4. Independent and dependent variables
There were two fixed independent variables with two levels each: Non-Verbal treatment (touch and no touch) and Counselor Sex (male and female). Client Sex is assumed to have been treated as the blocking variable. Counselor Sex has two levels (male and female).
"A self-report measure (Counseling Evaluation Inventory - CEI) and a behavioral measure (Depth of Self-Exploration Scale - SES) were the major dependent measures in this study" (p. 445). The researchers evaluated domain factors from this self-report measure (CEI), later referring to client ratings on Counseling Climate, Counselor Comfort, Client Satisfaction, etc. They clarified that the CEI was a measure of counselor effectiveness as judged by client ratings. No further information was provided.
The authors mentioned that the Depth of Self-Exploration Scale (SES) was an interval scale. However, there are no further details provided concerning the instrument or possible domain factors. They provided information (scant) concerning results, addressed later in this critique although they did mention that all subjects received the same tests and that the tests were administered promptly after the counseling sessions.
It may be that equivocating the dependent variable with scores is not "best practices." Rather, the authors could have suggested a characteristic to serve as a target of the data collection efforts.

5. Instrument, briefly comment on its reliability and validity
The authors provide information concerning a reliability coefficient (.83) for the CEI. They mention that this figure resulted from a total score test-retest procedure. The authors state that the reliability of the Self-Exploration Scale was reported, by the scale creators, to range from .59 to .88, based on 12 studies. Independent reports of reliability would have been more tenable. The authors reported the source of these reliability coefficients, but no further information.
Content validity for the CEI was reported to be "high" and the authors report research indicating that the CEI had high congruent or discriminative validity for "practicum grades to be significant at or beyond the .05 level for the total score on the CEI" (p. 445). What practicum grades had to do with this research study was not addressed. The authors reported that those who created the Depth of Self-Exploration Scale claimed that it had face validity. This supporting information was not convincing. There were no definitions supported by the literature indicating a consensus regarding the terms rated on the various evaluations.
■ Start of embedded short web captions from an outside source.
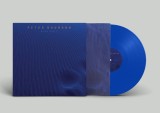 Nightfall (Blue)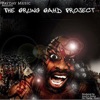 The Grung Gahd Project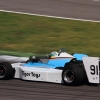 BOSCH Hockenheim Historic 13.04.2013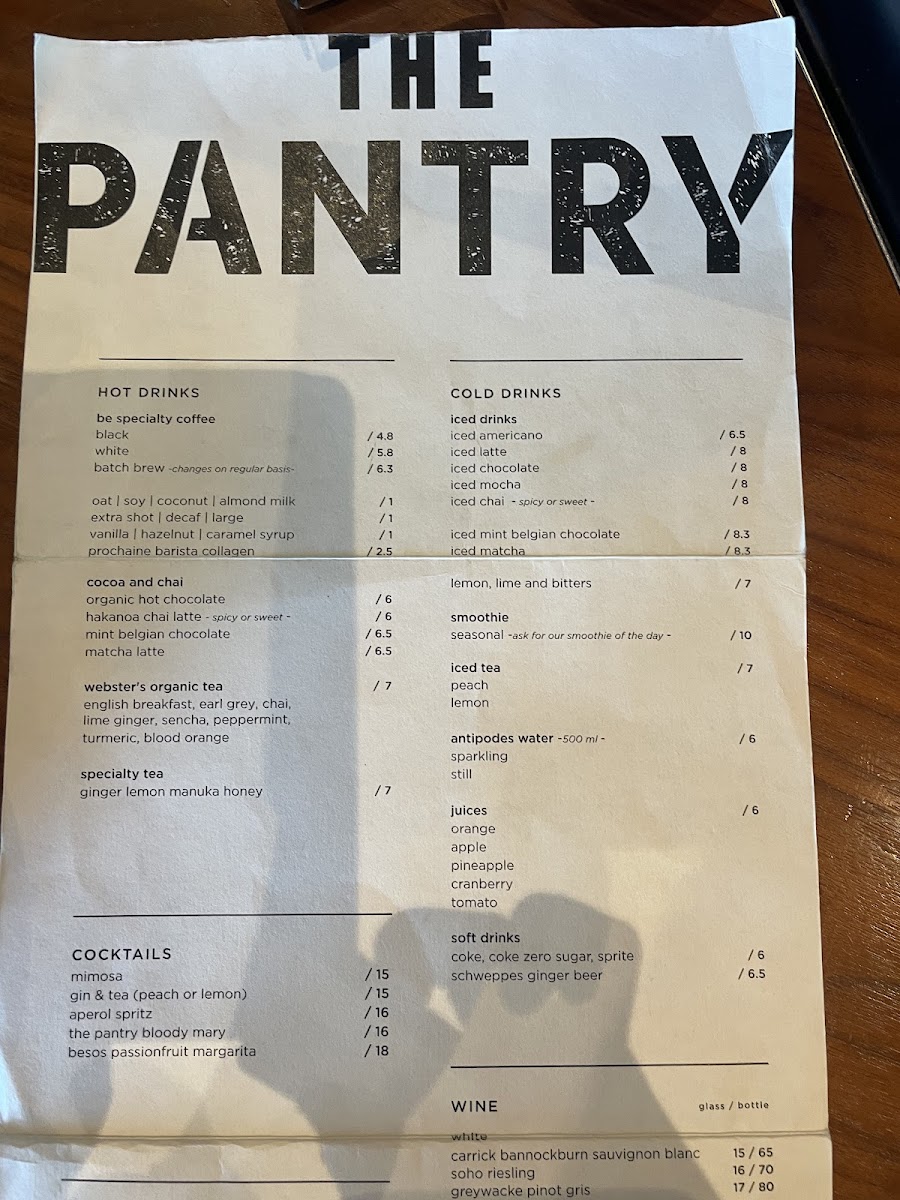the-pantry/15206-menus-3.jpg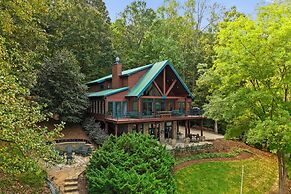 Mi Casa Su Casa by Avantstay Lakefront Escape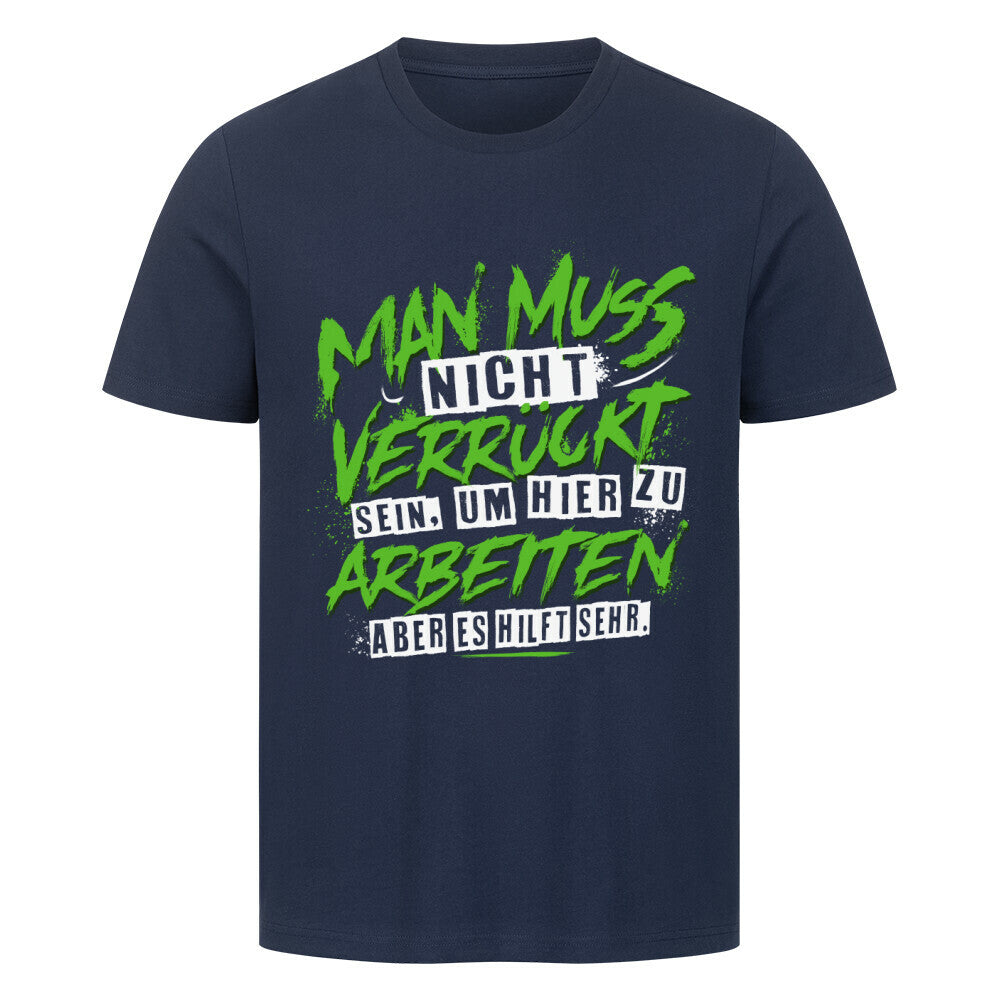 7f80d601-663c-4c03-9ca7-96d01ab89dc3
Two further instruments were administered to the clients. The first was the Strong-Campbell Interest Inventory and the second was a questionnaire designed to determine the extent of client knowledge of the purpose and parameters of the study. No further information was provided.
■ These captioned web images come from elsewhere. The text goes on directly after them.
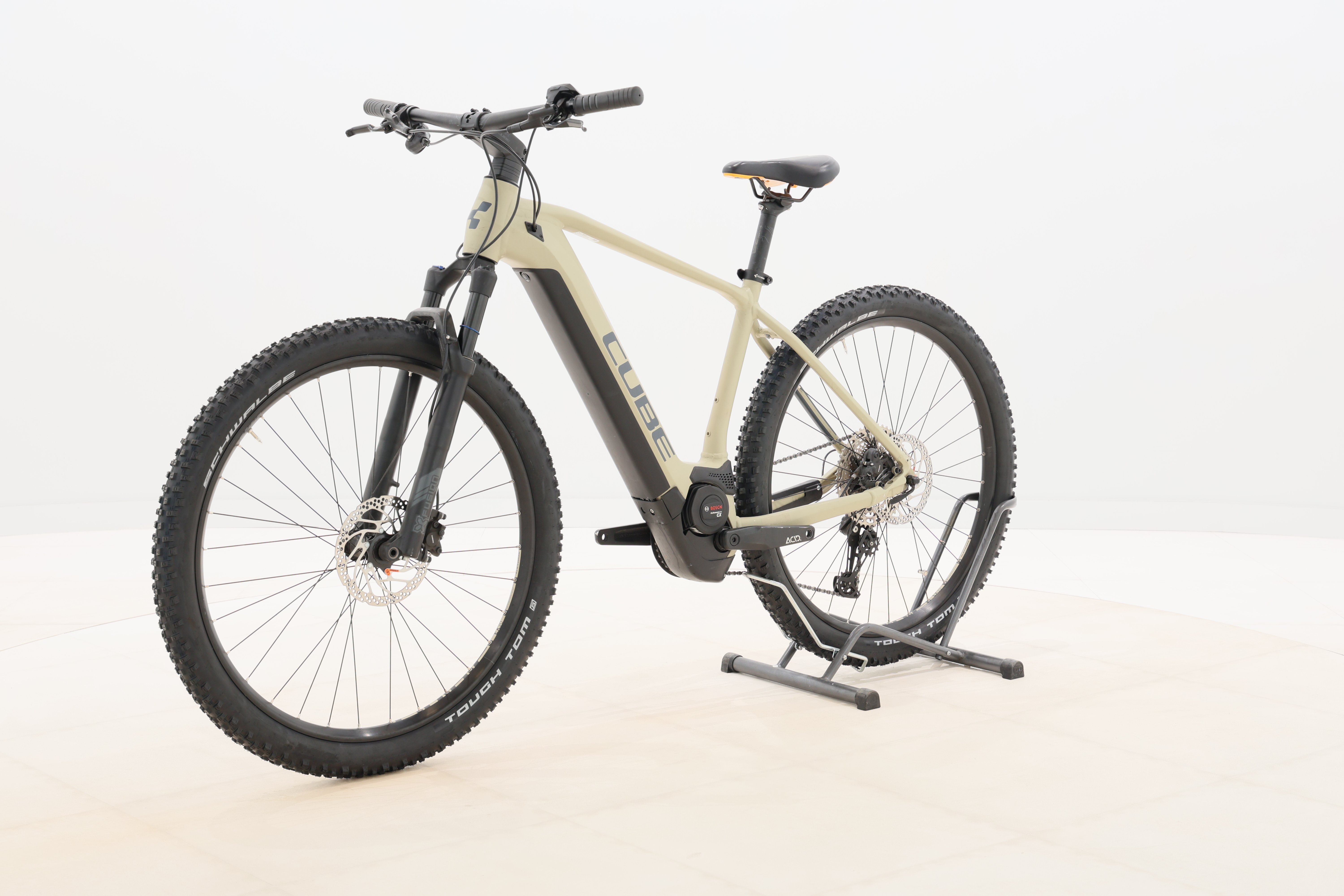 8e3e13d7-30fb-4130-90d9-51c70d8d5fca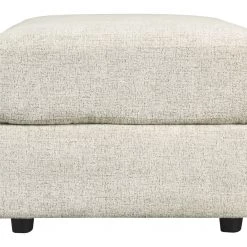 Ashley Furniture Soletren - Surface Space - Accent Ottomans 17 Ashley Furniture Soletren - Surface Space - Accent Ottomans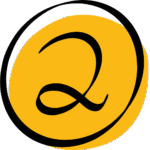 2 icon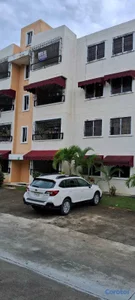 Venta Apto Res. Carmen Renata III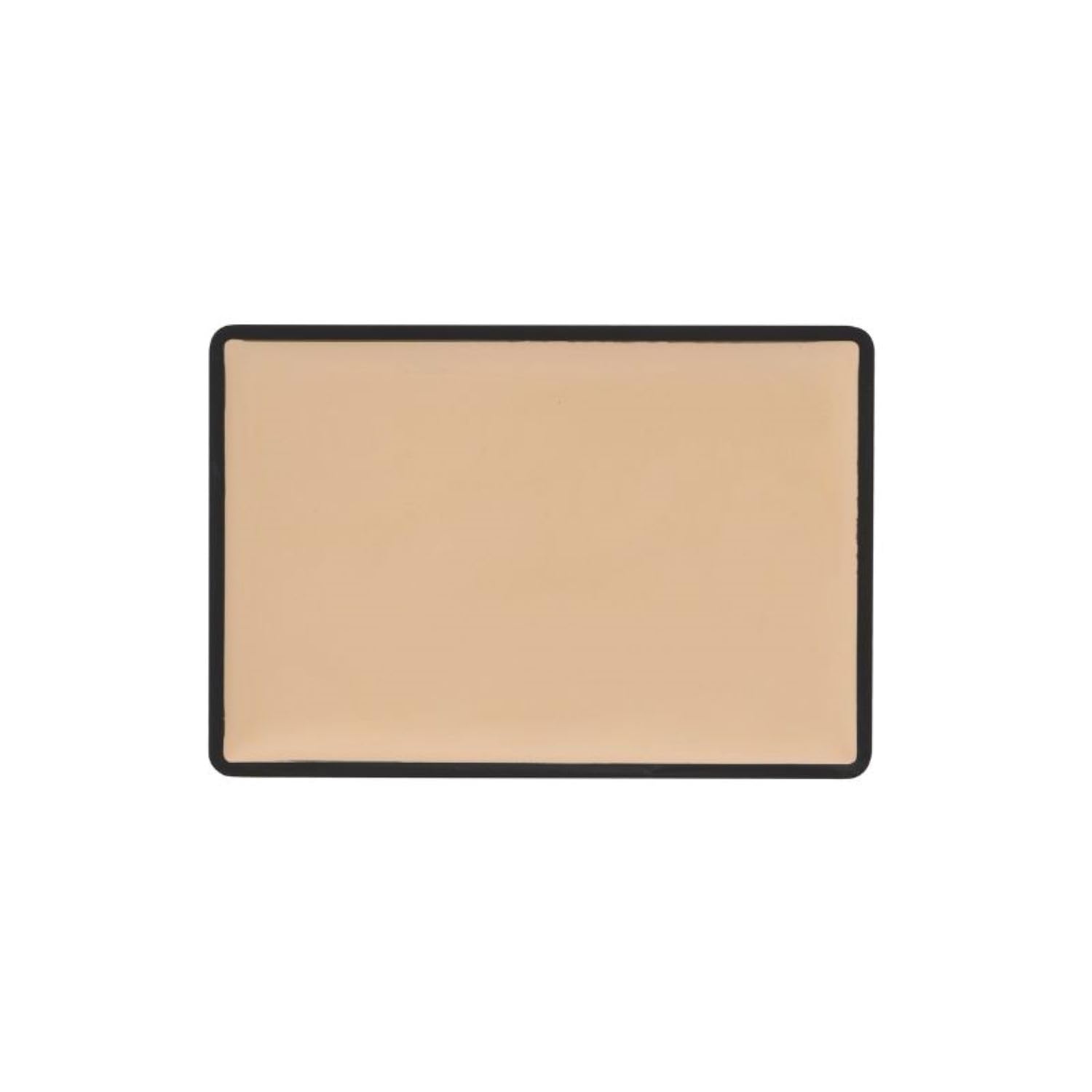 

Fancealer Refill Light Beige 2g SPF20 Concealer Coverage Acne Scars &be / PA++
Finally, a procedure compliance questionnaire was completed by each counselor immediately following the counseling session. This questionnaire was designed to determine the extent of counselor compliance with experimental procedures.
Unfortunately, there was no information provided concerning the psychometric properties of these measures and therefore, the validity and reliability of these instruments must be considered with caution. This serious omission must be kept in mind when considering the overall validity of the conclusions obtained as a result of these scores.

6. Experimental Procedure
It is in the area of describing the experimental procedure that these authors were quite thorough. The majority of the article is dedicated to this description. This is important because these authors note that although their experiment did not result in significant findings, they were able to apply experimental procedures in a naturalistic environment. Indeed, this is a difficult task, but one that should, in this case, have researchers from both laboratory and naturalistic positions cringing!
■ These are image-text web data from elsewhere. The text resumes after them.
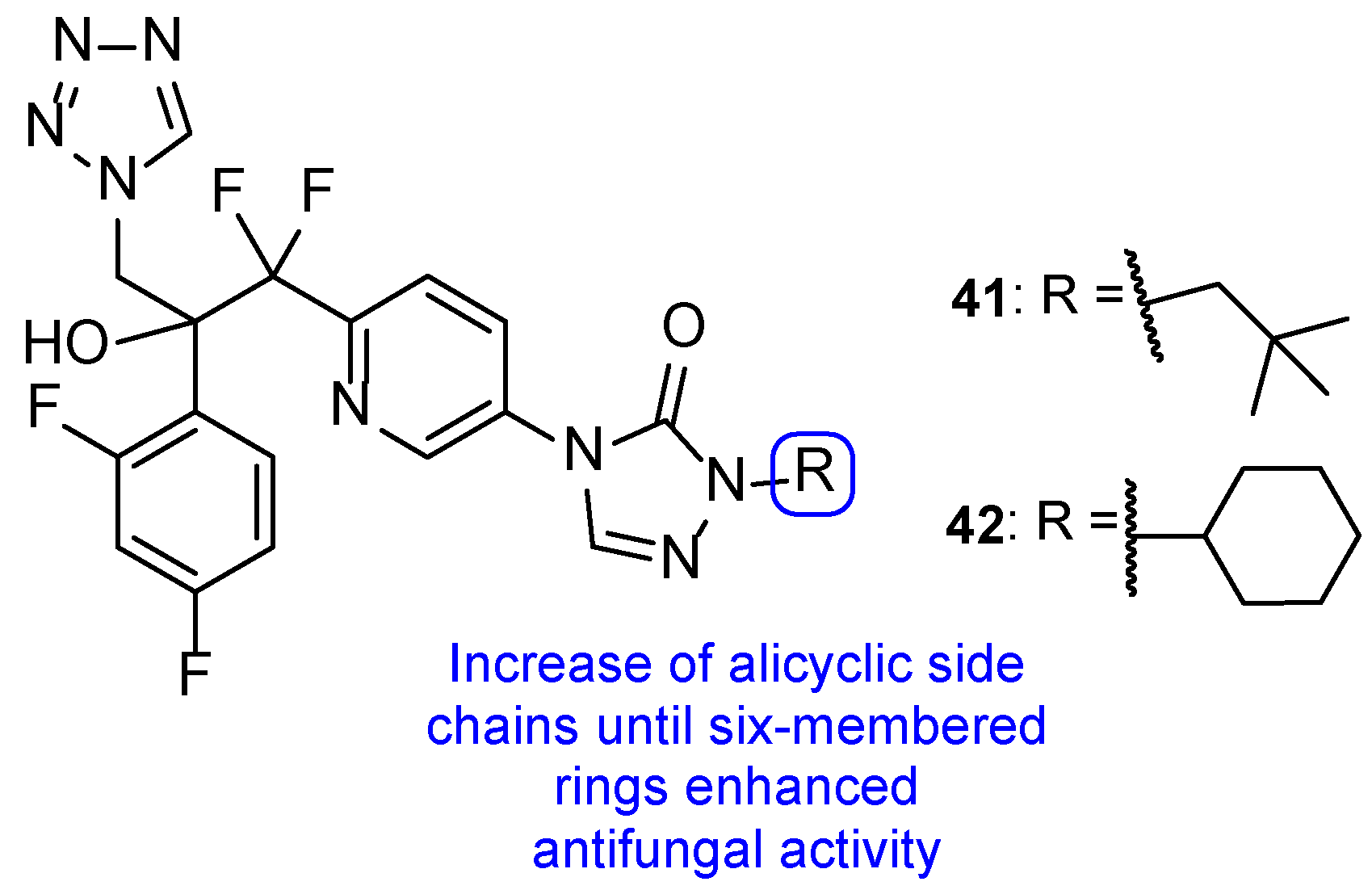 Pharmaceuticals 15 01427 g023 Pharmaceuticals 15 01427 g023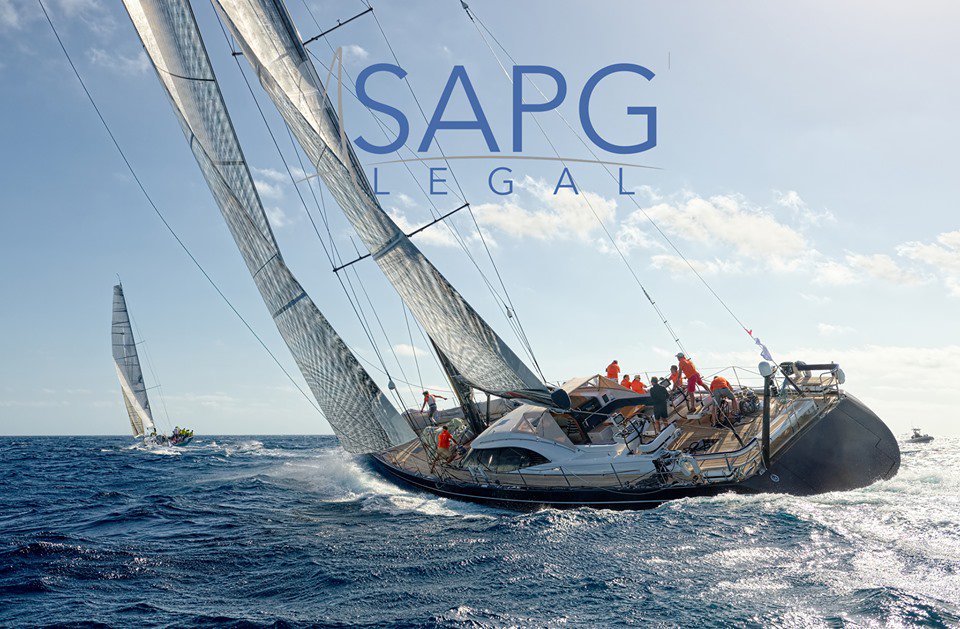 SapgLegal's tweet photo. "I venti e le onde sono sempre dalla parte dei navigatori più abili" (Edward Gibbon)
#SAPG #lawfirm #attorneys #law #Milano #Roma #NewYork #Miami #business #tailoring #startup #societario #corporate #trust #asset https://t.co/6YK4Mu8LUD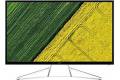 Acer 31" Skjermer ET322QK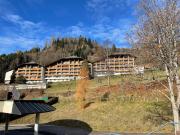 Gepflegte 3 Zimmerwohnung mit Wellnessanlage im Haus,...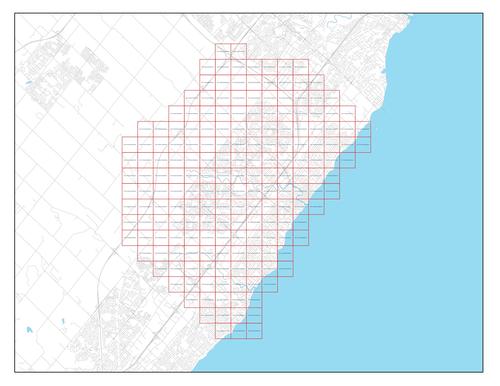 oakvilleindex2008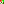Destellos dst-10405504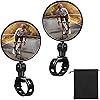 Wheelchair+Mirror+Attachment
First, the authors describe the term "touch." For this study, touch was defined as a "squeeze" (at least 4-5 seconds of firm contact) between the hands and wrists of a counselor and the hands, arms, shoulders, and upper back area of a client.
Next, the authors describe the subjects. As mentioned, there were 100 clients (56 male and 44 female) and 25 counselors (14 male and 11 female). The clients were enrolled in an undergraduate education course. Already, the convenience sample sets the stage for violation of random selection. The authors write that the "subjects were selected randomly" and then asked to participate. No further information was provided. This omission leaves the reader questioning whom the students represent. The counselors were either enrolled in or had complete counseling practicum. (Could this be the same practicum that the scores on the Depth of Self-Exploration were in some way correlated with the counselor's grades?) There was no mention of method for selecting the counselors - again potentially violating random selection assumptions for these participants in the study.
Counselors were trained in the administration of the experimental procedures in one of 3 separate training sessions that were 60-90 minutes long. They then demonstrated their proficiency to implement the experimental procedure in a quasi-experimental counseling session. Two independent raters who had previously been trained in the procedures rated each session. They repeated training until they passed the training process.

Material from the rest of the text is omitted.